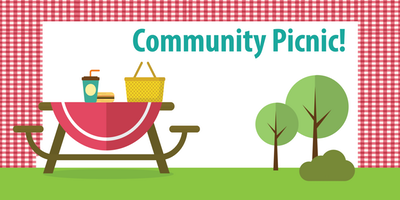picnic clipart community picnic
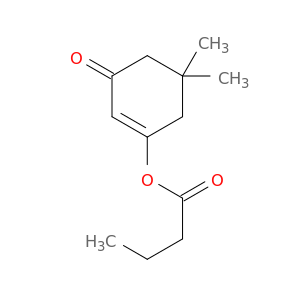 Butanoic acid, 5,5-dimethyl-3-oxo-1-cyclohexen-1-yl ester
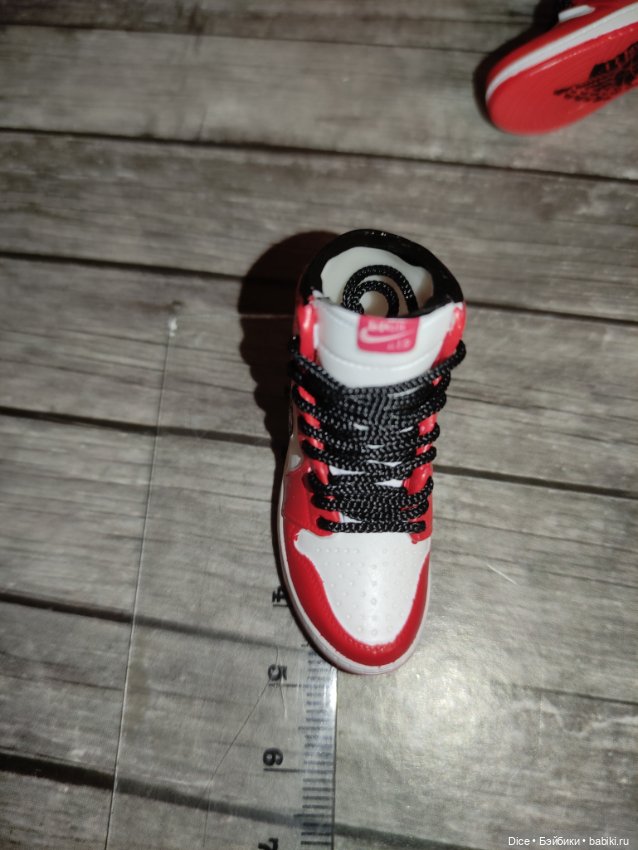 Кроссовки Nike для экшенов, БЖД, phicen, Integrity, action figures 1/6(2) (фото 4)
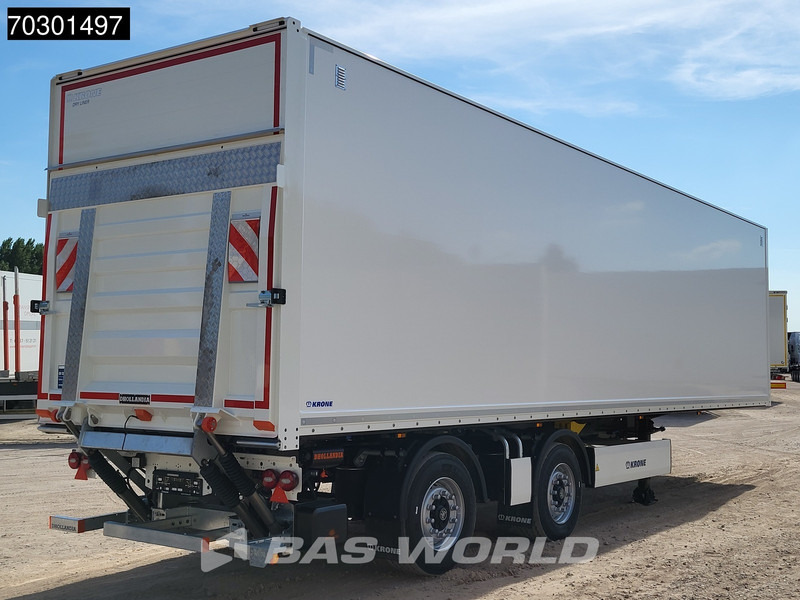 Krone SZ City NEW Lift+Lenkachse Tail Lift - Gesloten oplegger: afbeelding 5 Krone SZ City NEW Lift+Lenkachse Tail Lift - Gesloten oplegger: afbeelding 5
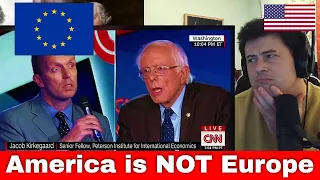 American Reacts America Is Not Europe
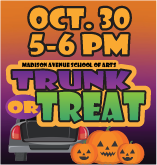 Trunk or Treat Oct. 30 5-6 pm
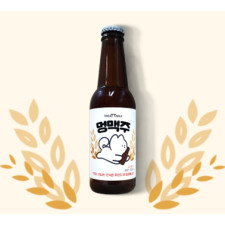 멍맥주 220ml 강아지 음료 파티용품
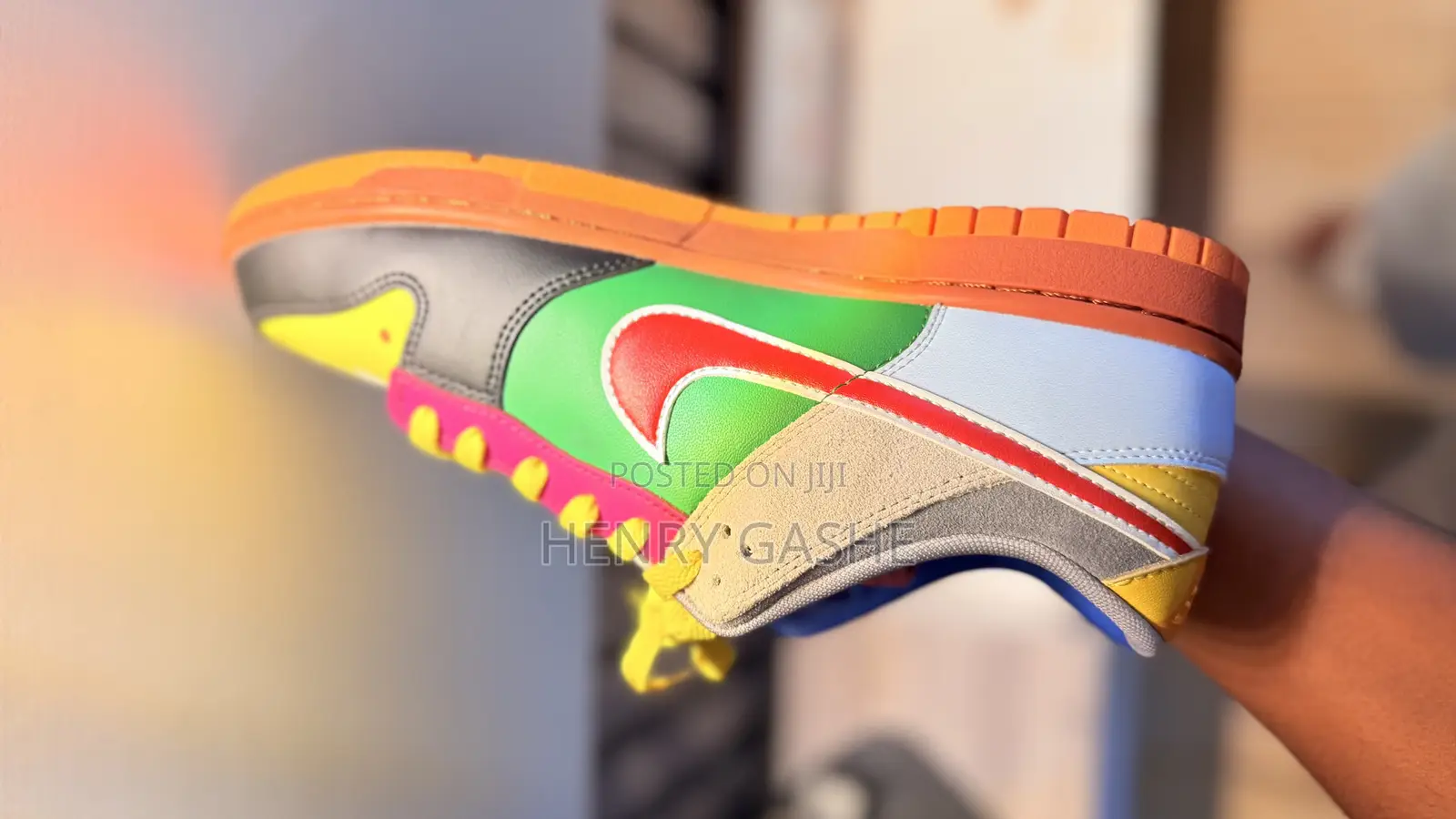 Nike Dunk Low "What the Super Mario"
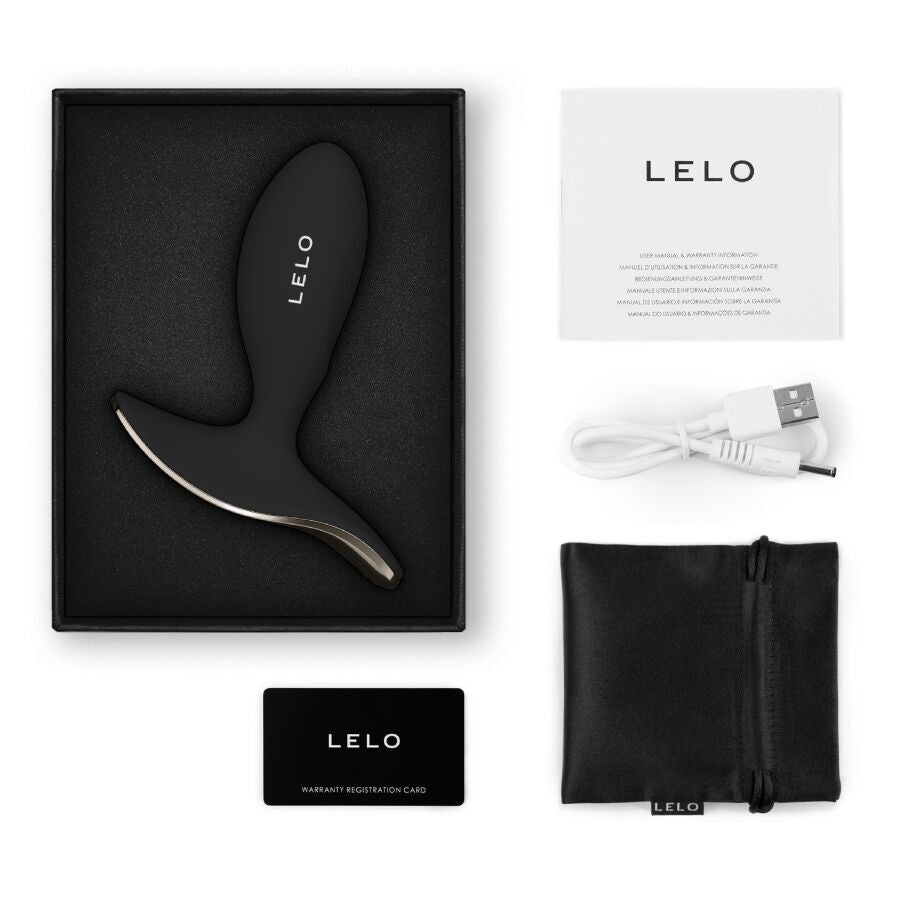 LELO Surfer 2 - Vibrador Anal Unisex Negro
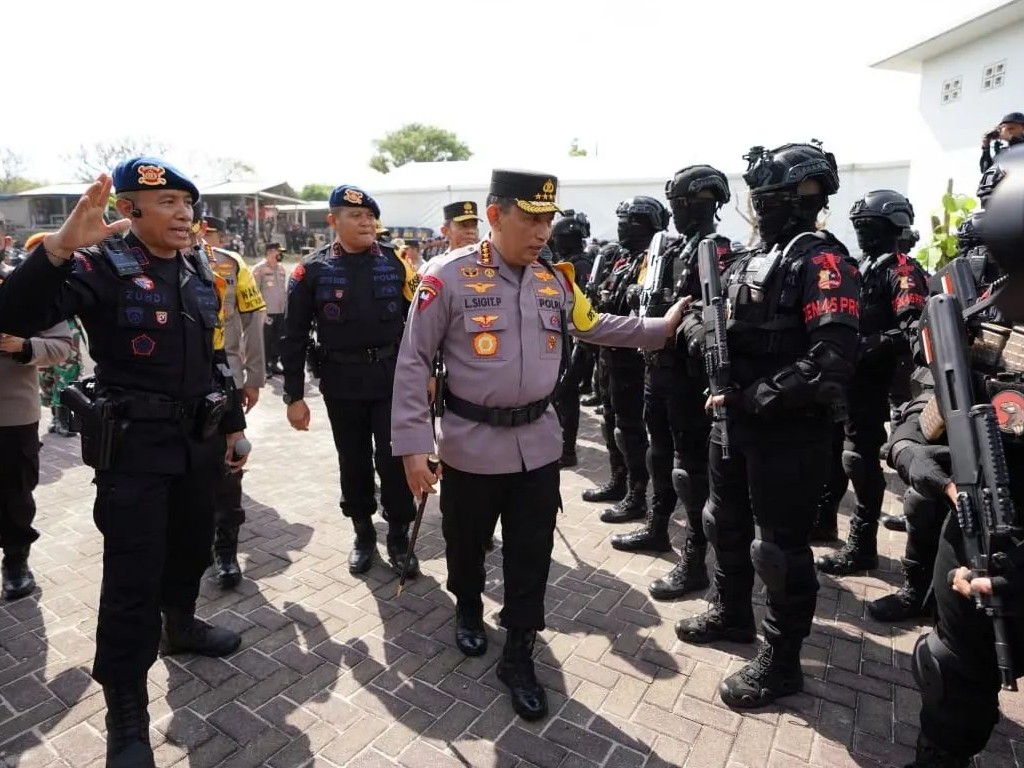 Rapim TNI-Polri Bahas Isu Pengamanan Pemilu 2024 dan Investasi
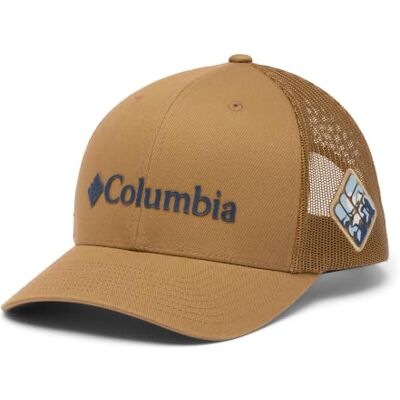 Columbia Unisex Kappe mit Schnappverschluss Mesh Snap Back Columbia Unisex Kappe mit Schnappverschluss Mesh Snap Back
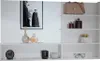 Mensola dello specchio Vicco  Bianco lucido 119.8 x 70 cm Anteprima dell’immagine prodotto 7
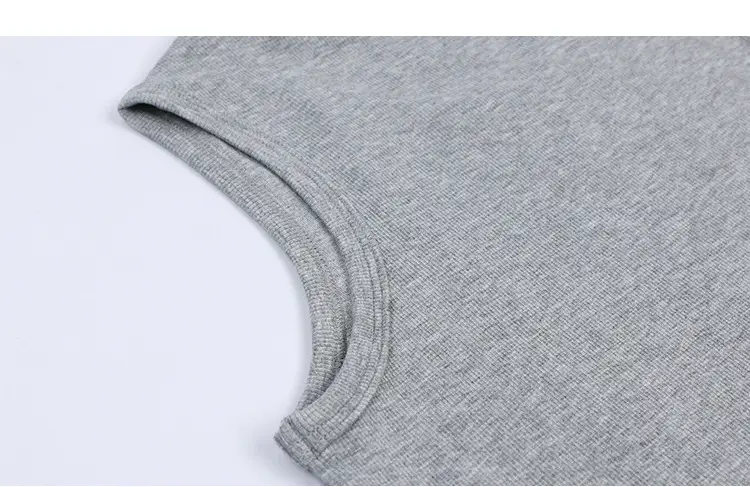 Gray Sleeveless Sports Vest for Boys Middle to Big Kids — feature 22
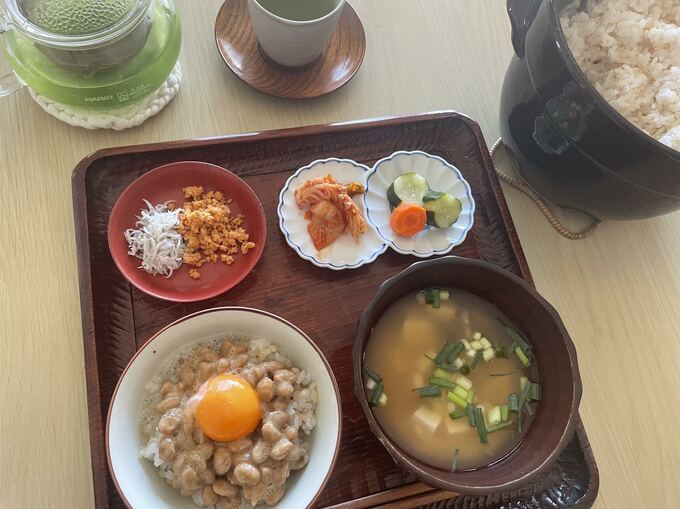 健康的な朝ご飯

=== Aim of the exercise ===
The pictures are not wanted, but every line of the listing should be duplicated exactly.

=== Written answer ===
picnic clipart community picnic
 Butanoic acid, 5,5-dimethyl-3-oxo-1-cyclohexen-1-yl ester
 Кроссовки Nike для экшенов, БЖД, phicen, Integrity, action figures 1/6(2) (фото 4)
 Krone SZ City NEW Lift+Lenkachse Tail Lift - Gesloten oplegger: afbeelding 5 Krone SZ City NEW Lift+Lenkachse Tail Lift - Gesloten oplegger: afbeelding 5
 American Reacts America Is Not Europe
 Trunk or Treat Oct. 30 5-6 pm
 멍맥주 220ml 강아지 음료 파티용품
 Nike Dunk Low "What the Super Mario"
 LELO Surfer 2 - Vibrador Anal Unisex Negro
 Rapim TNI-Polri Bahas Isu Pengamanan Pemilu 2024 dan Investasi
 Columbia Unisex Kappe mit Schnappverschluss Mesh Snap Back Columbia Unisex Kappe mit Schnappverschluss Mesh Snap Back
 Mensola dello specchio Vicco  Bianco lucido 119.8 x 70 cm Anteprima dell’immagine prodotto 7
 Gray Sleeveless Sports Vest for Boys Middle to Big Kids — feature 22
 健康的な朝ご飯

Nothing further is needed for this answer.